Fukutomi T, et al. Breast Cancer. 1994.


We report a case of bilateral breast carcinoma in a patient with a strong family history, including 4 cases of breast carcinoma, 1 case of prostate carcinoma (father), 1 case of hepatocellular carcinoma (mother), 2 cases of gastric carcinoma, 1 case of lung carcinoma, and 1 case of lingual carcinoma, in second degree relatives, together with analysis of germ line p53 mutations. The patient was a 51-year-old female who had undergone mastectomy 9 years previously for an invasive ductal carcinoma of the right breast. Lymph nodes were free of metastases and the tumor had negative estrogen receptor (ER) status. Bone and lung metastases developed 18 months after surgery, and had been well controlled with chemoendocrine therapy. She subsequently underwent a modified radical mastectomy for carcinoma in the contralateral breast.

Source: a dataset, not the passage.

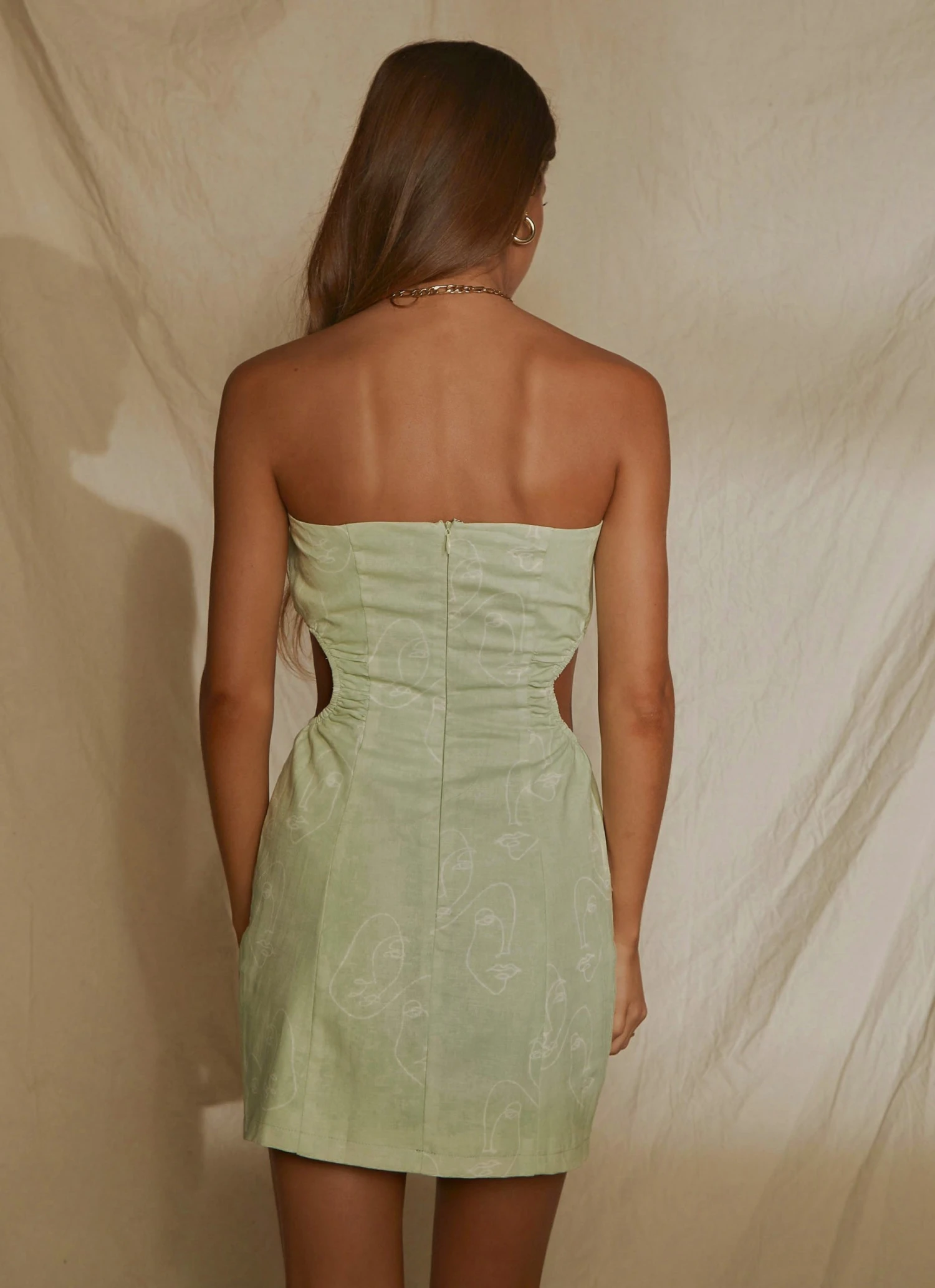 Peppermayo Exclusive Miya Linen Mini Dress - Sage New & Most Loved 7 Peppermayo Exclusive Miya Linen Mini Dress - Sage New & Most Loved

This was an invasive lobular carcinoma with negative lymph node metastasis, negative p53 immunoreaction, negative c-erbB-2 protein and positive ER status. In this breast-prostate carcinoma-type cancer family there was a high incidence of breast carcinoma; the father, who had prostate carcinoma, was possibly a carrier of a breast carcinoma susceptible gene. We have however detected to p53 germ line mutations in the lymphocytes DNA of the patient and her niece. The accumulation of cancers in this family line remains to be elucidated further using other genetic markers.